Abstract
As digital systems become more advanced, many everyday decisions are now made or supported by algorithms. These systems are designed to improve efficiency, speed, and performance, but they also raise an important question: how can automated systems remain fair, transparent, and easy to use for the people affected by them? This problem appears in many areas, including computing infrastructure and consumer markets. In shared computing environments, powerful resources like GPUs are expensive and often limited, however they are not used efficiently because of confusing tools and unfair access patterns.Currently, scheduling systems can leave GPUs running at only around half utilization, while users wait long periods to run jobs . At the same time, in consumer markets, algorithmic pricing systems are changing how essential goods like groceries are priced. These systems can adjust prices based on demand or user data, but they often lack transparency, leading consumers to feel that pricing is unfair or inconsistent . While these systems aim to optimize performance or profit, they can create confusion, reduce trust, and increase inequality if users do not understand how decisions are made. This shows that technical systems must balance efficiency with fairness and accessibility in order to be successful.

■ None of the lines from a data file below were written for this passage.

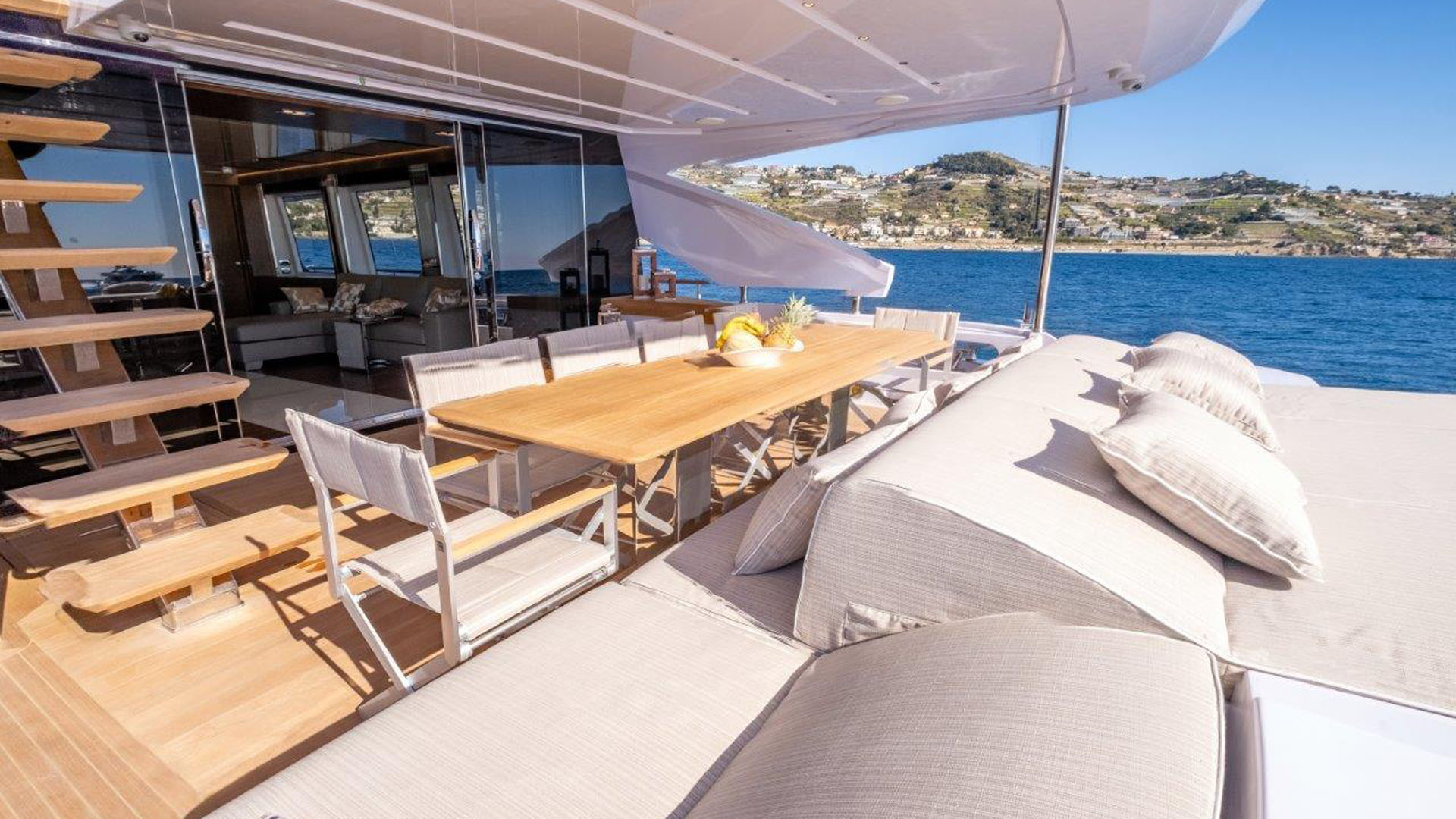 aft deck dining and relax.jpg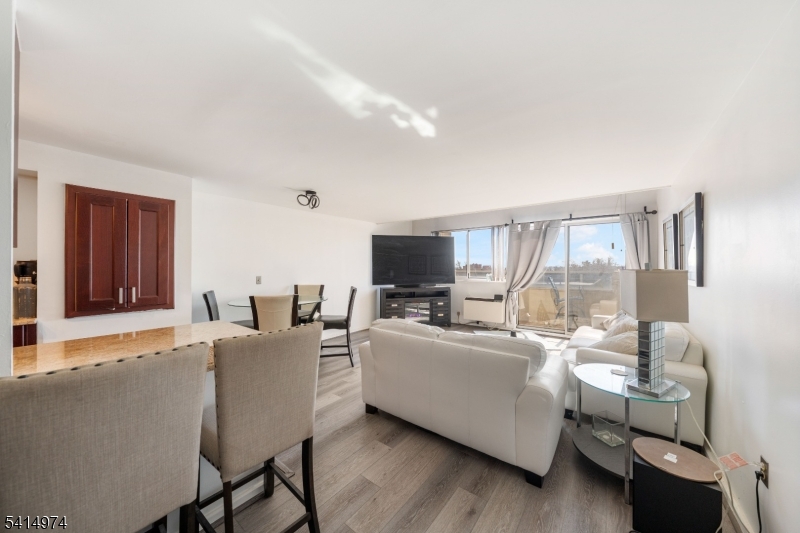 Crows Nest - Residential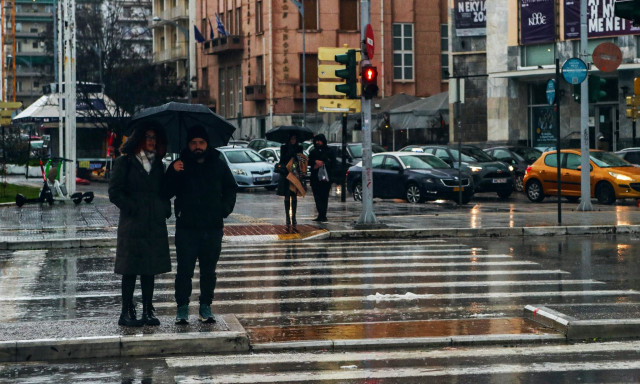 Αρναούτογλου: Μεταβολή του καιρού από την Κυριακή - Πού αναμένονται βροχές και καταιγίδες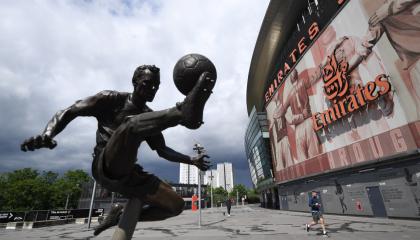 Vista de los exteriores del estadio Emirates, del Arsenal de Londres, este viernes 1 de mayo.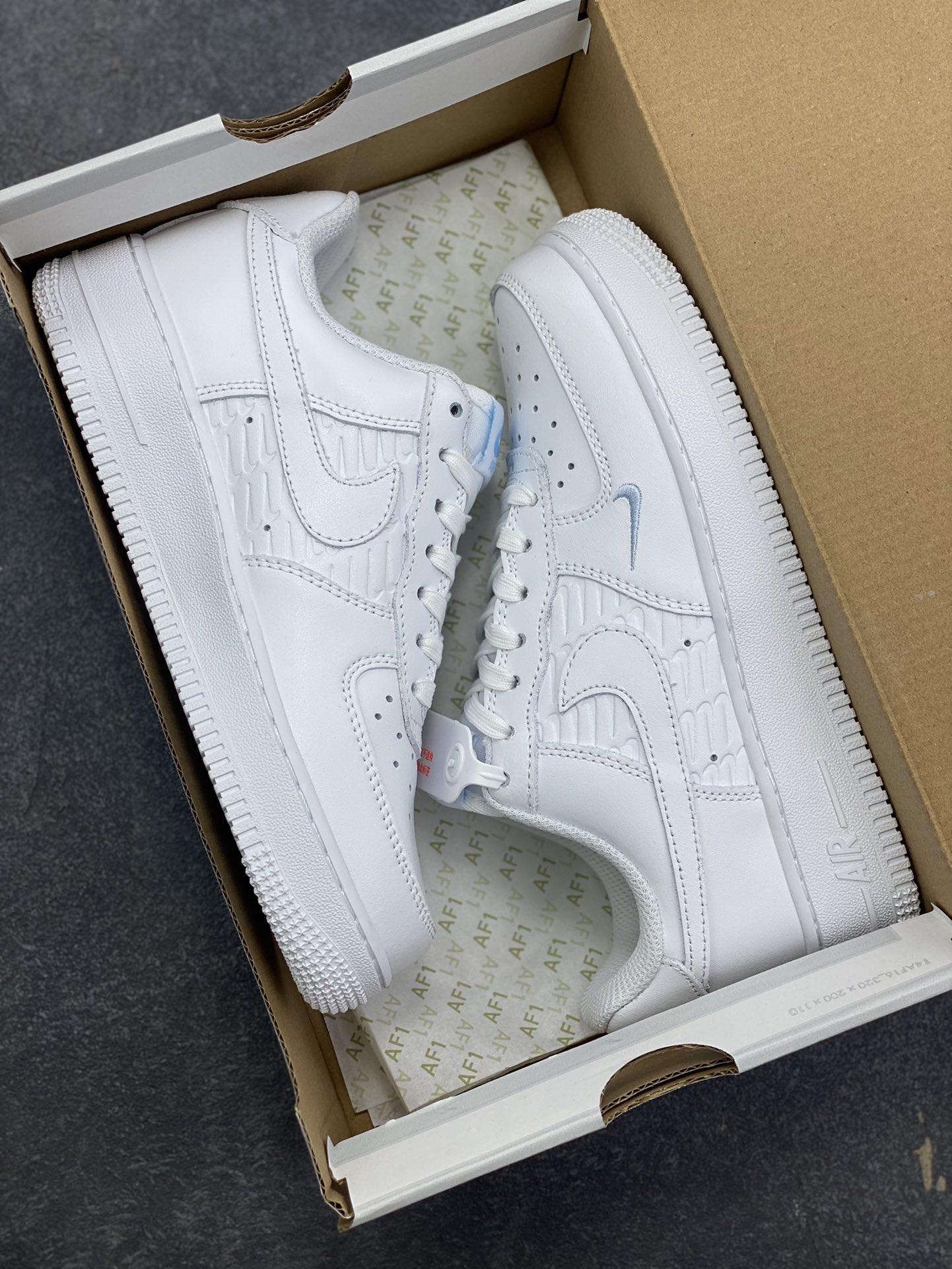 图片[9]-NK Air Force 1 空军一号 压印浮雕小勾 原楦头原纸板 打造纯正空军版型#专注外贸渠道 全掌内置蜂窝气垫 #原盒配件 原厂中底钢印、拉帮完美 货号：IH4475-100 尺码：36 36.5 37.5 38 38.5 39 40 40.5 41 42 42.5 43 44 44.5 45-选品中心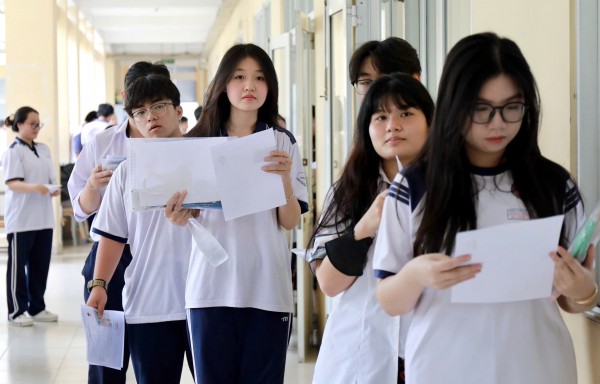 Thêm 2 trường ĐH công bố điểm sàn xét tuyển từ 15 Thêm 2 trường ĐH công bố điểm sàn xét tuyển từ 15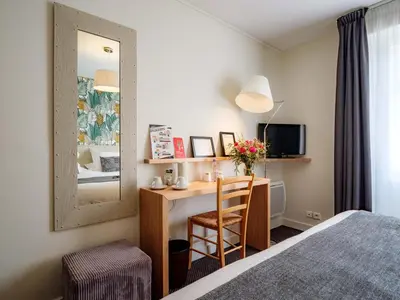 Télévision ou salle de divertissement dans l'établissement Hôtel La Résidence
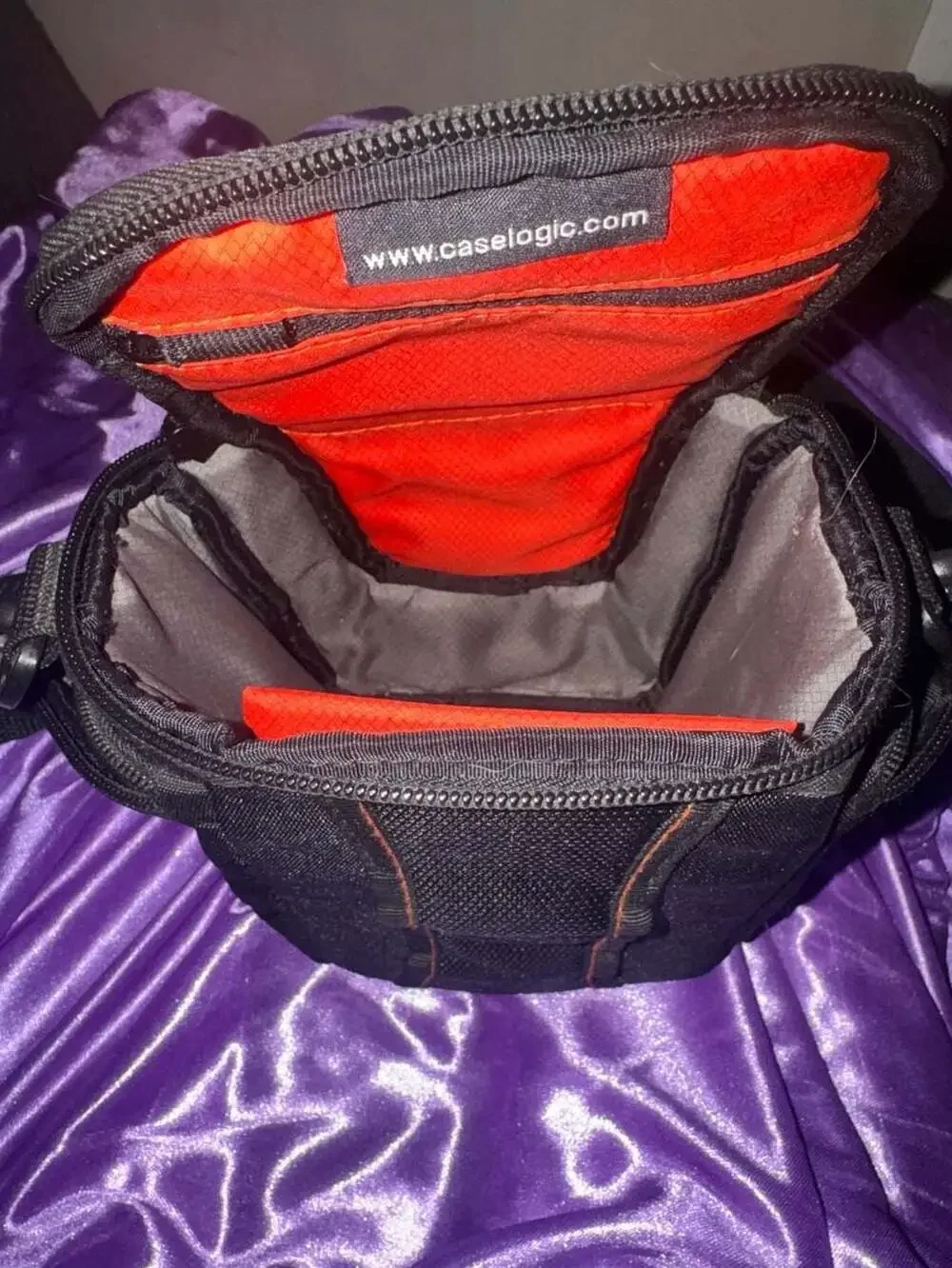 Case Logic TBC-409 Compact System Camera PowerShot DSLR Shoulder Bag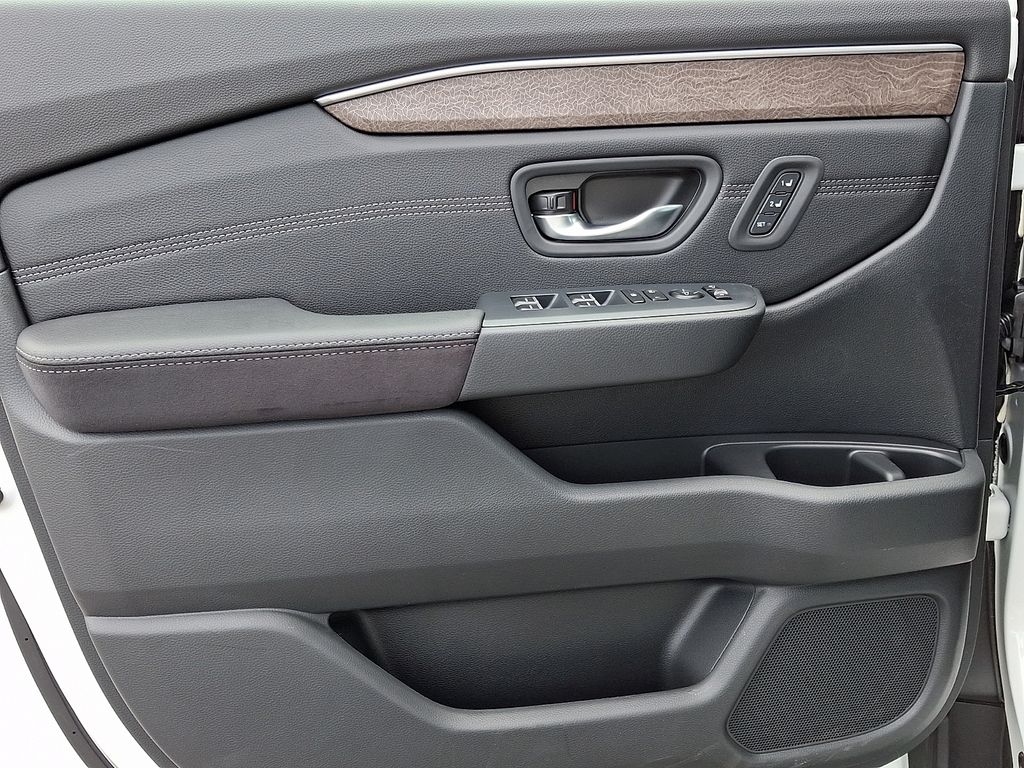 Thumbnail: 2026 Honda Pilot - 15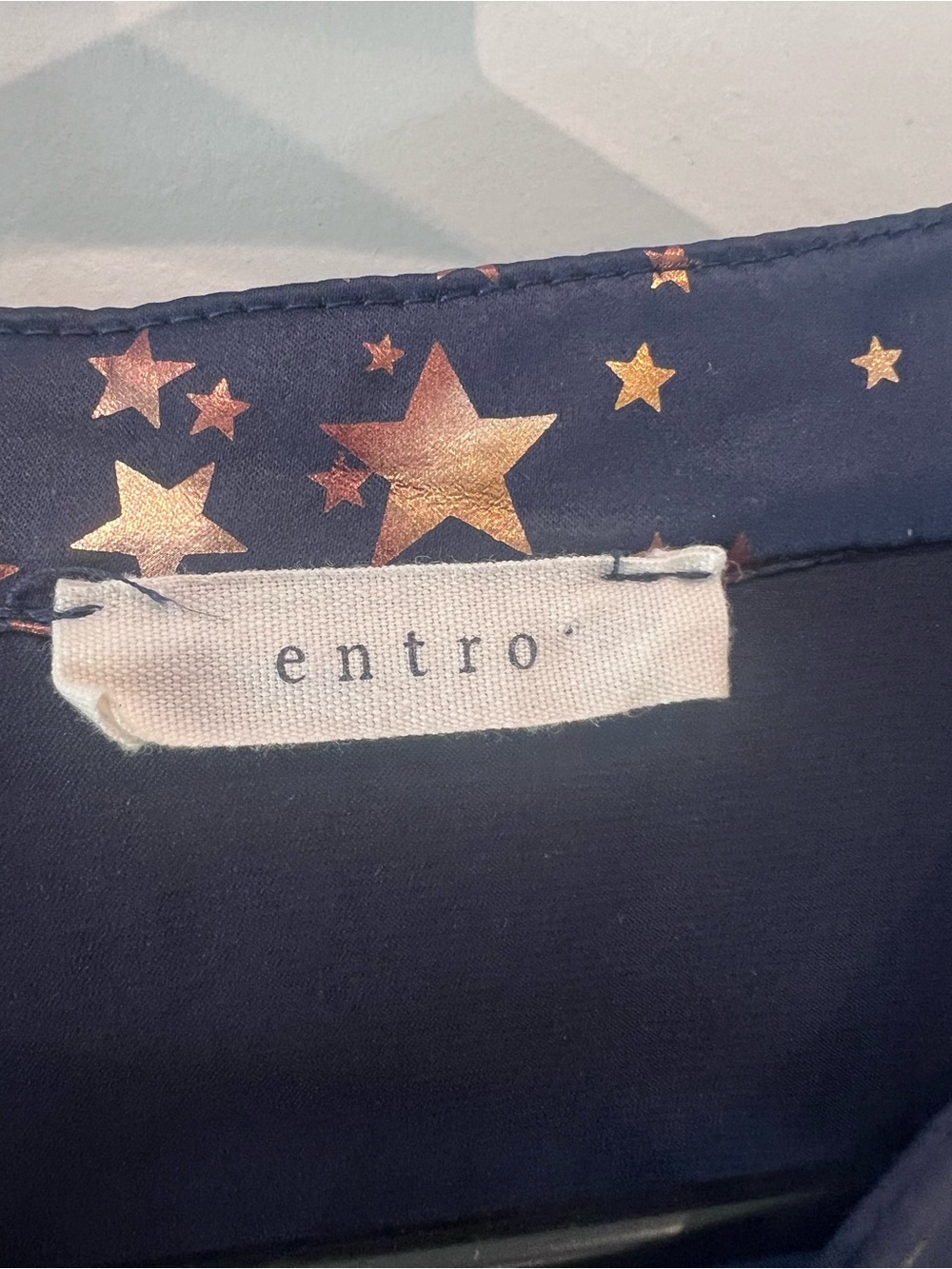 Entro Navy Top with Metallic Gold Star Print Size XL - Picture 2 of 16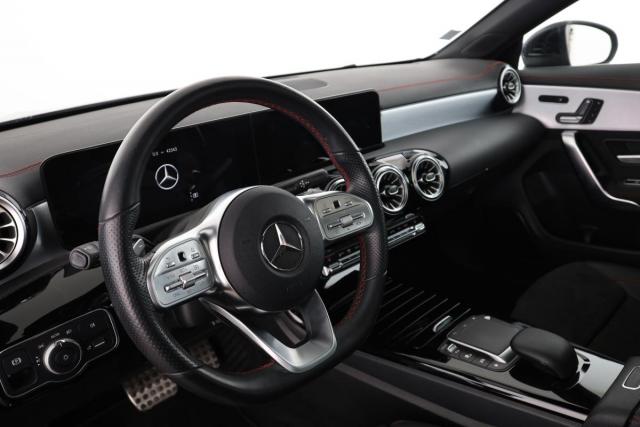 Mercedes Benz Cla image 2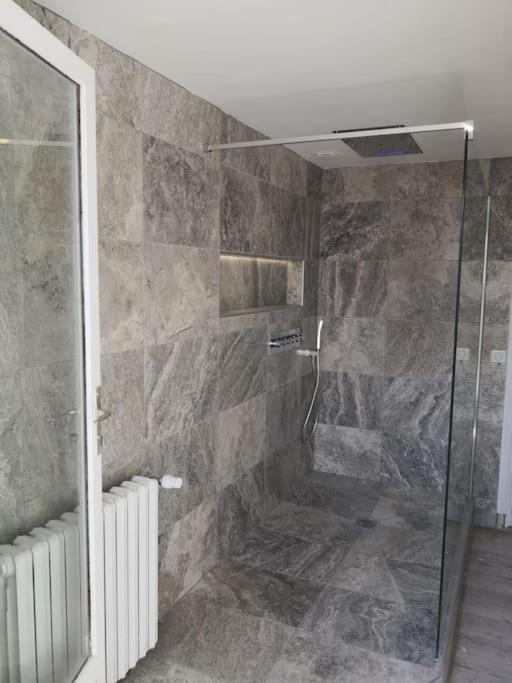 וויסטרהאם Spa Privatif Face Mer Riva Romantic & Spa מראה חיצוני תמונה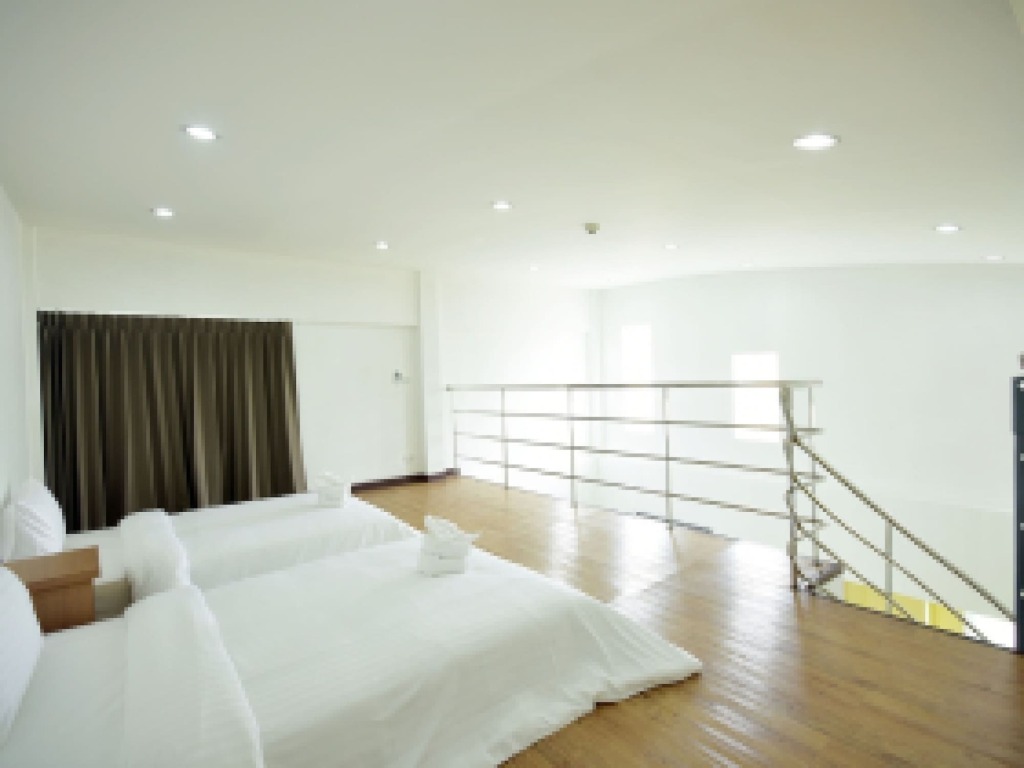 Бангкок: Siam Golden Place Suvarnabhumi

The technical project focuses on designing and developing a pop-up GPU scheduler that improves access to shared GPU resources in small-scale environments. GPUs are powerful but expensive, and many students and researchers rely on a single shared device. Current tools like command-line schedulers are difficult for beginners to use and can often lead to inefficient usage or unfair access. The proposed system introduces a web-based interface where users can log in, submit jobs, and view the status of the GPU in real time. Jobs are executed inside Docker containers to ensure safety and prevent conflicts between users. The scheduler uses a simple priority-based queue to determine job order while enforcing limits to prevent one user from monopolizing the GPU . Both user testing and system performance testing were used to evaluate the system. In user testing, participants compare the scheduler interface to traditional command-line tools, measuring how easily they can submit and run jobs. System testing checks how well the scheduler can handle multiple jobs at once and keep things running smoothly even when the system is under heavy load. Surveys and interviews are also used to measure user understanding and perceived fairness. The results show that a simple, visual interface improves accessibility and helps users better understand how resources are allocated. By making scheduling behavior more transparent, the system not only improves efficiency but also increases user trust and fairness in shared computing environments.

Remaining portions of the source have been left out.